Gold costs dip as Trump tariff risk helps greenback


Investing.com– Gold costs fell on Monday, pressured by a stronger greenback after U.S. President-elect Donald Trump threatened to impose steep tariffs on the BRICS group of nations to dissuade them from searching for options to the greenback.

Protected haven demand for gold was additionally stymied by indicators that the Israel-Hezbollah ceasefire seemed to be holding, though heightened tensions between Russia and Ukraine stored some haven shopping for in play. 

Spot gold fell 0.7% to $2,636.06 an oz, whereas gold futures expiring in February fell 0.8% to $2,658.84 an oz by 1:23 p.m. ET (1823 GMT). 

Trump tariff risk boosts greenback, pressures gold

Trump threatened to impose “100% tariffs” on the BRICS bloc, warning them towards looking for options to the greenback.

His risk dented the currencies of the bloc and pushed up the greenback, as merchants feared much more protectionist insurance policies from the U.S. below Trump. The president-elect had final week threatened extra tariffs on China, Canada, and Mexico- a transfer that might reignite a world commerce battle. 

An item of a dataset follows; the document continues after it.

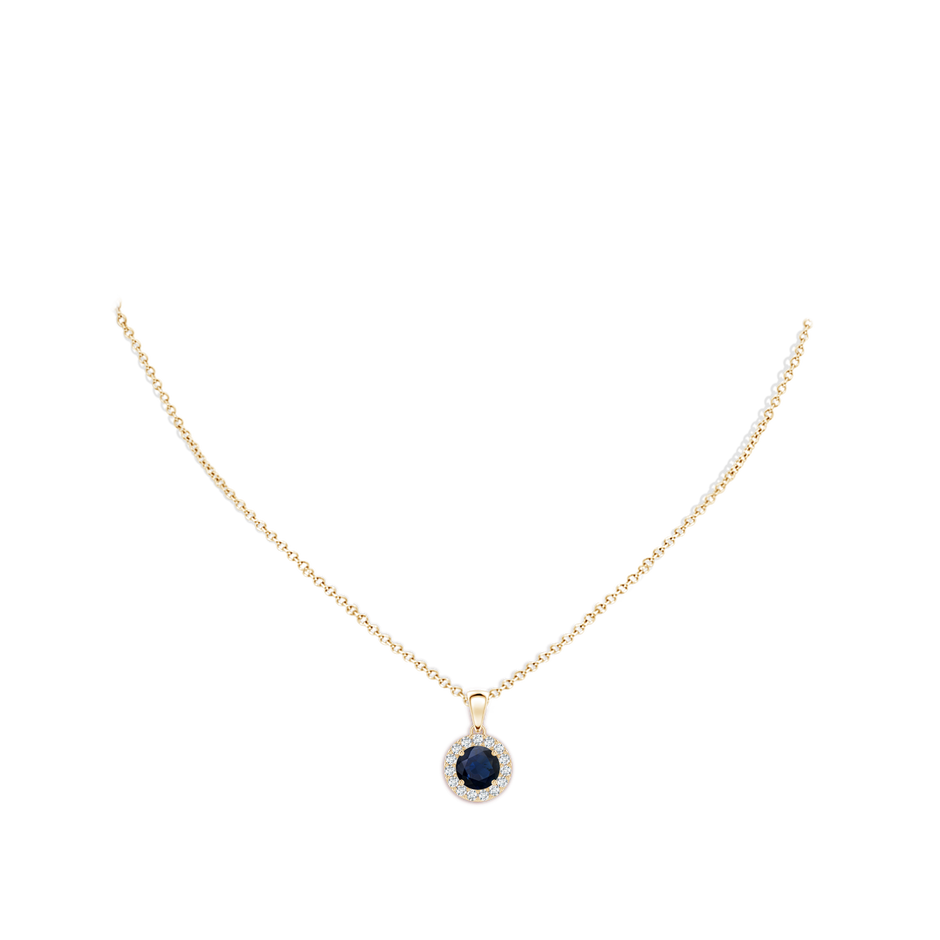 6mm A Round Blue Sapphire and Diamond Halo Pendant in Yellow Gold body-neck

Trump’s risk buoyed the greenback, which in flip weighed on metallic markets throughout the board. Uncertainty over larger long-term inflation below Trump- which may hold rates of interest elevated- additionally rattled metallic markets. 

Different treasured metals retreated. Platinum futures fell 0.5% to $950 an oz, whereas silver futures fell 0.7% to $30.883 an oz. 

Copper dips as tariffs, robust greenback offset China PMIs

Amongst industrial metals, copper costs fell on Monday as fears of extra U.S. tariffs and a stronger greenback largely offset optimistic indicators from prime copper importer China. 

Benchmark copper futures on the London Steel Trade fell 0.2% to $9,000.50 a ton, whereas March copper futures fell 0.2% to $4.1318 a pound. 

China- the world’s largest copper importer- noticed its manufacturing exercise rise greater than anticipated in November, authorities and non-public buying managers index knowledge confirmed.

The studying got here as Beijing rolled out a flurry of aggressive stimulus measures since late-September, geared toward shoring up financial development.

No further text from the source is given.